■ Work to complete ■
Below are records; reproduce exactly the lines from the one that has "Now in the next" through the one that has "Two types of", ends included, and nothing more.

┌─ Supplied information

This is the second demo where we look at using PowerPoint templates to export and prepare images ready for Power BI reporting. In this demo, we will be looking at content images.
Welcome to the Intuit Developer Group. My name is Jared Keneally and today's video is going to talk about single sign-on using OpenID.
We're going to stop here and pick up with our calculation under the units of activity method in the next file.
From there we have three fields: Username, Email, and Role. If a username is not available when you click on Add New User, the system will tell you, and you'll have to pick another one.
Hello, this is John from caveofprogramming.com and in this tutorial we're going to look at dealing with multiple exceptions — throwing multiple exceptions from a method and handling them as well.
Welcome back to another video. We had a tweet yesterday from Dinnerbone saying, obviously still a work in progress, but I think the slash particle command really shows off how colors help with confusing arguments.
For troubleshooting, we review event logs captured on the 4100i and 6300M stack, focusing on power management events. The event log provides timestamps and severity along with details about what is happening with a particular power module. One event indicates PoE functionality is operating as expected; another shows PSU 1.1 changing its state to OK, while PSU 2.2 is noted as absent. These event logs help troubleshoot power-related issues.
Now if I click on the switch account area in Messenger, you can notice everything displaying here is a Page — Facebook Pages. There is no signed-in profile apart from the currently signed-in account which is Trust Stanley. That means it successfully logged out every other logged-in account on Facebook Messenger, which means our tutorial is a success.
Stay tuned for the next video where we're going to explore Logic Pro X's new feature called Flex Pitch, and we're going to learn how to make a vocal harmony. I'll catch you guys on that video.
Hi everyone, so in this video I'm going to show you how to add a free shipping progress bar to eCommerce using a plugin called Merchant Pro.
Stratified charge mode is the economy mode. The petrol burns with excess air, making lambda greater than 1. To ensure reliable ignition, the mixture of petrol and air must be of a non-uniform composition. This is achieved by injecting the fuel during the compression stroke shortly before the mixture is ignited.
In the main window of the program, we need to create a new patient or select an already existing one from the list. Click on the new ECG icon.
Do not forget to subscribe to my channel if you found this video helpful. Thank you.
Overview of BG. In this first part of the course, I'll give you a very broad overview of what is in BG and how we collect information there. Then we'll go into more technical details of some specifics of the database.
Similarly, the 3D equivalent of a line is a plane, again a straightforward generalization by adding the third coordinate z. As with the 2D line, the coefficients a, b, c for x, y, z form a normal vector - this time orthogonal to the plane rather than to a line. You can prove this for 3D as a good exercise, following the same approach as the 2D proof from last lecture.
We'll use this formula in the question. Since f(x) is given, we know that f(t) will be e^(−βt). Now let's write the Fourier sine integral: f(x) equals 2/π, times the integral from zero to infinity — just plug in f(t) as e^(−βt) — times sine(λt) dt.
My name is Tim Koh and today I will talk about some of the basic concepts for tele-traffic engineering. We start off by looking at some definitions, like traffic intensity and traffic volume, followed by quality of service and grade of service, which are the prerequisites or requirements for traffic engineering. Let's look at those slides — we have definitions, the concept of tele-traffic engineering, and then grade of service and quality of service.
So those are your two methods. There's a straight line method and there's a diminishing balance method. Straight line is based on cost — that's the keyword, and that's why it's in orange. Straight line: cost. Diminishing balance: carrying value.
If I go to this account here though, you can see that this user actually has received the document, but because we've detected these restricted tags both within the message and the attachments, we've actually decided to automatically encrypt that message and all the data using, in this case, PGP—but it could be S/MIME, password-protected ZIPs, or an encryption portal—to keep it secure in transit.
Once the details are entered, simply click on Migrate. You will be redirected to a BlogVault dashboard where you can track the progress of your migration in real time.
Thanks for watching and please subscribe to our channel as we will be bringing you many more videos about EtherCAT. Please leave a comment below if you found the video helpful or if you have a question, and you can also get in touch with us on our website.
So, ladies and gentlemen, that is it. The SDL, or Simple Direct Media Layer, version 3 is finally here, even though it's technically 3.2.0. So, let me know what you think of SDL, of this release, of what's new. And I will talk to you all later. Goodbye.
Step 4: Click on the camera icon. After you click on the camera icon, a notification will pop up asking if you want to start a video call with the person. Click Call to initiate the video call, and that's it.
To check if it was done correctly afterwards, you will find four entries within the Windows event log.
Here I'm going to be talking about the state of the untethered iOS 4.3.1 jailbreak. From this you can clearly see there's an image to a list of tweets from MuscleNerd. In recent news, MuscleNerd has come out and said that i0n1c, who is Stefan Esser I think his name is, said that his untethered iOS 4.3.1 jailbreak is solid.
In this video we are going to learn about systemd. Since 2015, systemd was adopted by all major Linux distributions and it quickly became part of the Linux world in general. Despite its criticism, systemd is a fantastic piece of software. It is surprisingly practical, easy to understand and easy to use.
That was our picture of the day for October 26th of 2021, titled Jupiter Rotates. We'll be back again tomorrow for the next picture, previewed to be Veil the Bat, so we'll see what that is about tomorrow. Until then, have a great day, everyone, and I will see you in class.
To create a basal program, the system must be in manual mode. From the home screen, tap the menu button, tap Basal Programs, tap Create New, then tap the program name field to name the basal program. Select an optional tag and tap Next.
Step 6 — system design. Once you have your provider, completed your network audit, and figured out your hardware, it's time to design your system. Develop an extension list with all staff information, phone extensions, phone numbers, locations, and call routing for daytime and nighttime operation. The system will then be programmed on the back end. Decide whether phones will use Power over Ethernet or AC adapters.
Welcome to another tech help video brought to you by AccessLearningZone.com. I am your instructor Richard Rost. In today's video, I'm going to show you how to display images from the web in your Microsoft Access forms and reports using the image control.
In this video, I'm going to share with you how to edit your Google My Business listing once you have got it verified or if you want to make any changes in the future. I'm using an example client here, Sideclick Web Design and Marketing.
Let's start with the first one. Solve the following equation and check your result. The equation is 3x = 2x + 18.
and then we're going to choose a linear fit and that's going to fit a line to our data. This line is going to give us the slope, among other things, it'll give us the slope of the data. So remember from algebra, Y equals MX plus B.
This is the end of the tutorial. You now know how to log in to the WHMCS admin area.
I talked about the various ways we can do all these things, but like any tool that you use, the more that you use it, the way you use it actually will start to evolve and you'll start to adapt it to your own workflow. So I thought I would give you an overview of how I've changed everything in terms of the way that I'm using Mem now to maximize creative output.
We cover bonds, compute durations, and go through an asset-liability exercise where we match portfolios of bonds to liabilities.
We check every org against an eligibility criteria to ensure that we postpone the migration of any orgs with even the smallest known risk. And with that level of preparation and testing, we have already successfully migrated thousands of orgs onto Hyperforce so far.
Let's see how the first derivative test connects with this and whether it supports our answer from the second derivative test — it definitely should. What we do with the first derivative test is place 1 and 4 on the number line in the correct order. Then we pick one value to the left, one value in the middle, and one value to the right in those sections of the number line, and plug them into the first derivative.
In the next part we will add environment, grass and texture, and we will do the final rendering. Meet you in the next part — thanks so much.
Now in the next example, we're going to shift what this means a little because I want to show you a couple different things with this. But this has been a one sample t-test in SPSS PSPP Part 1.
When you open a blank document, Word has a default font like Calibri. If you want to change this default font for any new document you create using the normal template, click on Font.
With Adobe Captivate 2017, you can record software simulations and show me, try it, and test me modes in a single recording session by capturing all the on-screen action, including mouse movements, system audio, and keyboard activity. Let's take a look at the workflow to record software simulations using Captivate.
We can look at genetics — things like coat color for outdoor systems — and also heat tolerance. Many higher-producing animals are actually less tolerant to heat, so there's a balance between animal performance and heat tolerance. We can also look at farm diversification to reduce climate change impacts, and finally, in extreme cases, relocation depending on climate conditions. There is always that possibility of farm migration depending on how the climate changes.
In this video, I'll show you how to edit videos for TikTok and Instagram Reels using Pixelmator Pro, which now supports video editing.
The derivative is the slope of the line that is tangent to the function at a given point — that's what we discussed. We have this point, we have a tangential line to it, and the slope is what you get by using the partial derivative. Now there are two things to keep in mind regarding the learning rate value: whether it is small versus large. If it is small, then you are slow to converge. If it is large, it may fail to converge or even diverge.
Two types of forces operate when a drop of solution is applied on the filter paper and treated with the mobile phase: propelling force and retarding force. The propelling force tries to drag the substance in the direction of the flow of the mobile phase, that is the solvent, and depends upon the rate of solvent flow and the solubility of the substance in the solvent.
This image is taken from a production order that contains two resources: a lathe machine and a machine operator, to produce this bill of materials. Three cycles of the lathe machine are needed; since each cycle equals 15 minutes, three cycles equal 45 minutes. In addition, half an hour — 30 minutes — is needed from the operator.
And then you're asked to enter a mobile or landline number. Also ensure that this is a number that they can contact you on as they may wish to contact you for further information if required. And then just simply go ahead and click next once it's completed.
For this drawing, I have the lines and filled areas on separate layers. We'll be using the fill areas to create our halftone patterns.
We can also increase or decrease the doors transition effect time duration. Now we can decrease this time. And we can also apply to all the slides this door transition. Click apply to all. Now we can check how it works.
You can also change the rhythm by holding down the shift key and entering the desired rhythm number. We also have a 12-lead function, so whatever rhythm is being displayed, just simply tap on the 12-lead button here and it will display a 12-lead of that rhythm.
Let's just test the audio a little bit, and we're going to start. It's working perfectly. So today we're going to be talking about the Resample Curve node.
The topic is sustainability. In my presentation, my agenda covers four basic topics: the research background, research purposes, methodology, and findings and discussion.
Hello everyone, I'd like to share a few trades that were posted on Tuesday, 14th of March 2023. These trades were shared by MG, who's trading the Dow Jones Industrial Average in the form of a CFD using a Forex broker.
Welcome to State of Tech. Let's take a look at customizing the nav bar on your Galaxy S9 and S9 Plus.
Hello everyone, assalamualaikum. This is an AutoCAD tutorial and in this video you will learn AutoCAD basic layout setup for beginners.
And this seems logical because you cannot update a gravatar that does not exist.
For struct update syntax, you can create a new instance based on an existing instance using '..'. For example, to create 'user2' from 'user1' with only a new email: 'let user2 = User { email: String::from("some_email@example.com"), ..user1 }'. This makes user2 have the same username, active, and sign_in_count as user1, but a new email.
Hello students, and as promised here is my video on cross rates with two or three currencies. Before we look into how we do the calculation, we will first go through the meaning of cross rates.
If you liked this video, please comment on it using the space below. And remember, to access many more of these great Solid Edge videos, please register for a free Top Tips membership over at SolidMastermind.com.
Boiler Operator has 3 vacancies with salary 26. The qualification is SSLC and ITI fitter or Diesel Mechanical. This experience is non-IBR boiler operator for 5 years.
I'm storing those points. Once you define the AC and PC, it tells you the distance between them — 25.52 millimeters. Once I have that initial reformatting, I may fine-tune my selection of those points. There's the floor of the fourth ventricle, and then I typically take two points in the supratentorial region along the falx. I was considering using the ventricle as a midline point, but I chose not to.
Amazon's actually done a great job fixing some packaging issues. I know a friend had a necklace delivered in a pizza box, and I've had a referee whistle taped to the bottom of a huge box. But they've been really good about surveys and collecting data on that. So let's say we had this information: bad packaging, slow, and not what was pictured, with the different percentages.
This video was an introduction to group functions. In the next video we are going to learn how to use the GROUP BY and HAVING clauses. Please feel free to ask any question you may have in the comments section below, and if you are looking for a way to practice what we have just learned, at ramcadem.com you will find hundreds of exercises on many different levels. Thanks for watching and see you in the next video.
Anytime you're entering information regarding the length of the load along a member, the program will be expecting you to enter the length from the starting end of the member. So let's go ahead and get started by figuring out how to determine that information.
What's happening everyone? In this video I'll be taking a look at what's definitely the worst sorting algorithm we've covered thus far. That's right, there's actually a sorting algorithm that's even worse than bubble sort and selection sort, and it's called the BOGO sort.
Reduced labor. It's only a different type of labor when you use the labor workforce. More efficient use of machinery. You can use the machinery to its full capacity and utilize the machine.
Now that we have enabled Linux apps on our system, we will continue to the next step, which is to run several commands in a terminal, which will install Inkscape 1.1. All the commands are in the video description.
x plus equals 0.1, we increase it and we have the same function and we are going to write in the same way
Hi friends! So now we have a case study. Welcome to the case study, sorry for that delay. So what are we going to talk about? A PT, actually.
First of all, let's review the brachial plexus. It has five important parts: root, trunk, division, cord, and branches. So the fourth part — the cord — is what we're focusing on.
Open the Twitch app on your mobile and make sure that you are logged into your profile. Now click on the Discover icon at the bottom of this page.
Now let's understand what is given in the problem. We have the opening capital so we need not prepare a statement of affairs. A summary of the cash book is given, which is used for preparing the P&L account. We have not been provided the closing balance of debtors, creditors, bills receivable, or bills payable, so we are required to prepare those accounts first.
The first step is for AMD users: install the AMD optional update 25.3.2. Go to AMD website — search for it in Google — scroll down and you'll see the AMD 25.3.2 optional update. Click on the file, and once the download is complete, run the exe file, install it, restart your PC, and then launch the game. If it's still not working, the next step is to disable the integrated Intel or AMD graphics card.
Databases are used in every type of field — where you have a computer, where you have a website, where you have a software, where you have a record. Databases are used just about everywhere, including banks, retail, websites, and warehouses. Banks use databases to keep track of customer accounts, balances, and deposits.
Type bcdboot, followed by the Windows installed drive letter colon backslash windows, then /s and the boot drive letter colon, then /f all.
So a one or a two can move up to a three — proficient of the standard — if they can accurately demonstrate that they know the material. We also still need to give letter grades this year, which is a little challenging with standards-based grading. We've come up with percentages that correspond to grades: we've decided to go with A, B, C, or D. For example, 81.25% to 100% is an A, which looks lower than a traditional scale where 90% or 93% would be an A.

└─

■ Result of the exercise ■
Now in the next example, we're going to shift what this means a little because I want to show you a couple different things with this. But this has been a one sample t-test in SPSS PSPP Part 1.
When you open a blank document, Word has a default font like Calibri. If you want to change this default font for any new document you create using the normal template, click on Font.
With Adobe Captivate 2017, you can record software simulations and show me, try it, and test me modes in a single recording session by capturing all the on-screen action, including mouse movements, system audio, and keyboard activity. Let's take a look at the workflow to record software simulations using Captivate.
We can look at genetics — things like coat color for outdoor systems — and also heat tolerance. Many higher-producing animals are actually less tolerant to heat, so there's a balance between animal performance and heat tolerance. We can also look at farm diversification to reduce climate change impacts, and finally, in extreme cases, relocation depending on climate conditions. There is always that possibility of farm migration depending on how the climate changes.
In this video, I'll show you how to edit videos for TikTok and Instagram Reels using Pixelmator Pro, which now supports video editing.
The derivative is the slope of the line that is tangent to the function at a given point — that's what we discussed. We have this point, we have a tangential line to it, and the slope is what you get by using the partial derivative. Now there are two things to keep in mind regarding the learning rate value: whether it is small versus large. If it is small, then you are slow to converge. If it is large, it may fail to converge or even diverge.
Two types of forces operate when a drop of solution is applied on the filter paper and treated with the mobile phase: propelling force and retarding force. The propelling force tries to drag the substance in the direction of the flow of the mobile phase, that is the solvent, and depends upon the rate of solvent flow and the solubility of the substance in the solvent.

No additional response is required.